One area where many people struggle with ERwin naming standards is that of foreign key constraints.
Looking at the relationship editor in the logical model, the first thing we see at the top of the dialog is a label made up of the parent entity name, the parent-to-child verb phrase and the child entity name. This is just what most people would like to see used as the basis for a physical constraint name.
Unfortunately, what ERwin actually uses is the relationship name you see directly beneath it. This property is not shown on the logical model diagram and tends to be left to default, namely R/n, where n is a sequential number within the model.
Even worse, this is one of the few properties that is both logical and physical. We can see the implications for this if we look at the Name Mapping tab of the Model Naming Options dialog.

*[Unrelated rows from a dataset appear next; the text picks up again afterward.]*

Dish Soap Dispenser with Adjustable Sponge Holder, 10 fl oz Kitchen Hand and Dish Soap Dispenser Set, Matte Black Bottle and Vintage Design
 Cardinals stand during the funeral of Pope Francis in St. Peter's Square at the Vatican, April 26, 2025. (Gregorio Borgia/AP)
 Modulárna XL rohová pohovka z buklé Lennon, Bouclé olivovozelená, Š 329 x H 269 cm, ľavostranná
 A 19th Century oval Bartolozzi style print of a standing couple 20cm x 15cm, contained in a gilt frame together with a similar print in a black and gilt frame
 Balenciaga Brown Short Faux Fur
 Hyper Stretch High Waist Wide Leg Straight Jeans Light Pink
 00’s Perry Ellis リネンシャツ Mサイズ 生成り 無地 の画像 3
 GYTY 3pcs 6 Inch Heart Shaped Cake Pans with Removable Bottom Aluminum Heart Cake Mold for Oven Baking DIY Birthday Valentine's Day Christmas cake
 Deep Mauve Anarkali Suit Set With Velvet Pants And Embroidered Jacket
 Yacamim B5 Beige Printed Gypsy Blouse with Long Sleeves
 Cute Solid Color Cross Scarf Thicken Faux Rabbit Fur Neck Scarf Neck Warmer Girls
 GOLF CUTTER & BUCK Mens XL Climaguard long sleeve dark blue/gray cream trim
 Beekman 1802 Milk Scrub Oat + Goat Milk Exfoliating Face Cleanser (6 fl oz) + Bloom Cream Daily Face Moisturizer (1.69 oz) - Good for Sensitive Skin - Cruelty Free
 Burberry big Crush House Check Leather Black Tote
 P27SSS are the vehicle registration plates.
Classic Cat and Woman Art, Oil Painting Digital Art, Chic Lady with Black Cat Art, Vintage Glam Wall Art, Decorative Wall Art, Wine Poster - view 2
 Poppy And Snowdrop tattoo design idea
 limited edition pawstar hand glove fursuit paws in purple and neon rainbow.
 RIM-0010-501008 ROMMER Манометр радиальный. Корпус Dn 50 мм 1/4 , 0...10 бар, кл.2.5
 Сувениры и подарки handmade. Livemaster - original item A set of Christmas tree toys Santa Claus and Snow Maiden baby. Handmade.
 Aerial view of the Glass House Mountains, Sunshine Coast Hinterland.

What we see here is that, unlike most of the other mapped properties, there is no translation macro from the logical to the physical. It is the same property. That is, the relationship name is the fk constraint name. This means we cannot reference this property in any macro used to derive a new name.
What we can do is use the parent and child table names. We can also use verb phrases, but, these being optional, we cannot rely on them as a differentiator between multiple relationships involving the same pair of tables.
So, the solution we normally suggest is to use the relationship id (%relid) or an abbreviated form of it (it is a GUID consisting of 4 groups of 4 hex pairs!) in combination with the parent and child table names, again appropriately abbreviated.
What we end up with is a macro such as %parent_%child_%substr(%relid,1,4) to insert into the macro column of the Name Mapping tab of the Model Naming Options dialog.
Note that, because %parent and %child relate to table names, any abbreviation or other change applied in the mapping of entity to table names has already been done. So, a relationship CUSTOMER places ORDER can result in a constraint named CUST_ORD_7a5a.